Indeed from some time in 2007 on, production did seem to pretty much plateau until this spring. Then it started to leap up. Since the spring, Russia has grown about 400 thousand barrels/day. And since May (the trough in global production) it's contributed about 200kbd.

It's probably too soon to say that this is more than noise and is really an end to the 2007 plateau, but it's certainly an interesting trend to watch.

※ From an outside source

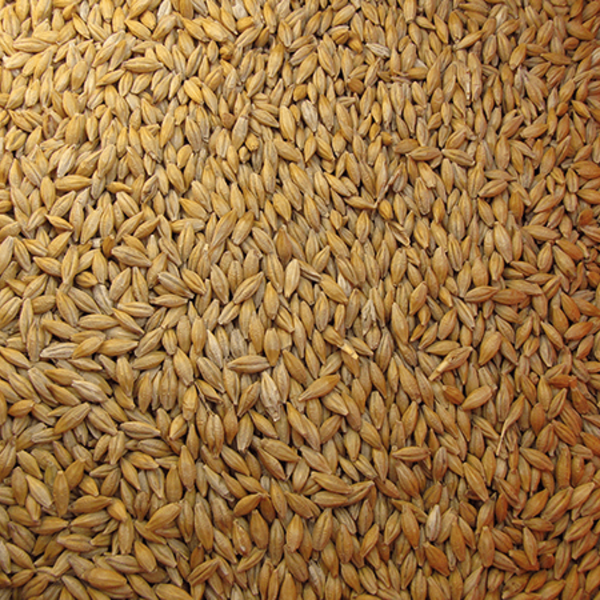 Alimentation animale bio ORGE en Grain BIO - Produit en France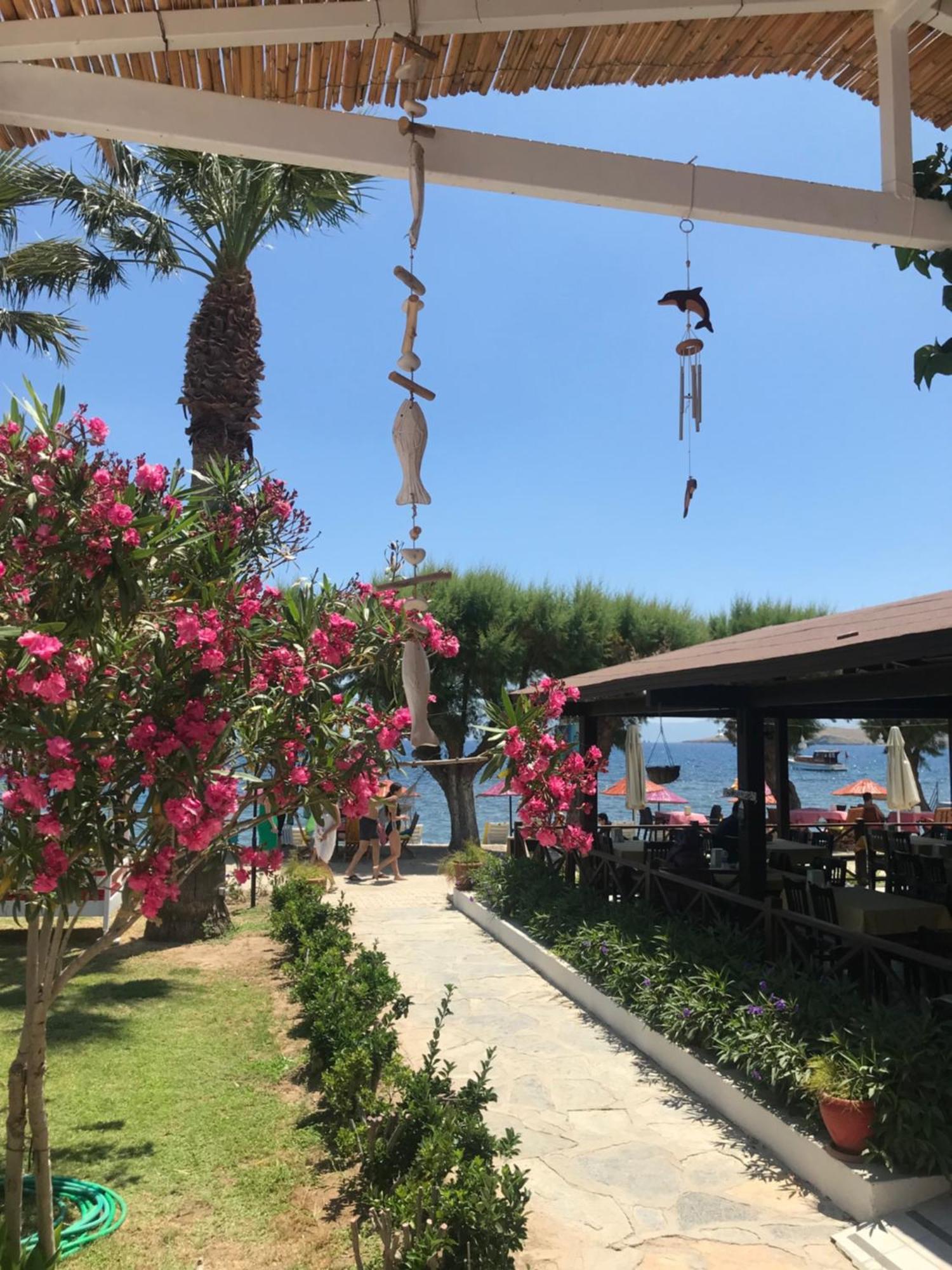 Yilmaz Hotel Ortakent Esterno foto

Update: the December OPEC MOMR has this to say:
Oil supply from Russia is expected to average 9.92 mb/d in 2009, an increase of 0.14 mb/d over the previous year, representing an upward revision of 25 tb/d from a month ago. The revision was introduced to adjust for actual production data that showed a further increase in production and created a new post-Soviet record. The revision came only to the fourth quarter supply estimate that is supported by the healthy production levels reported in October and November, as per preliminary data. Additionally, the export tax break, applicable to 13 fields and starting from December 2009, is encouraging producers to add more volume to take advantage of the tax break. The Vankor and Uvat fields were the main supporters of Russian oil production in 2009, and whether they will continue to offset the decline rate in other mature producing areas in the coming period with new fields, remains to be seen. On a quarterly basis, Russian oil supply is seen to average 9.78 mb/d, 9.88 mb/d, 9.97 mb/d and 10.05 mb/d respectively. Preliminary figures indicate that Russia oil production stood at 10.10 mb/d in November, higher than in the previous month.

2 comments:

Robert said...

An old articla on oil production from the FSU (Ex-USSR) from the late L. F, Buz Ivanhoe. http://hubbert.mines.edu/news/Ivanhoe_98-3.pdf

Robert Wilson

Seppo said...

Just a while ago there was some radio news about Medvedev demanding that Russian oil producers must start to use better tehcnology etc - otherwise the produced oil will start to go down. Did not have time to write this down but probably more exact reports will appear soon...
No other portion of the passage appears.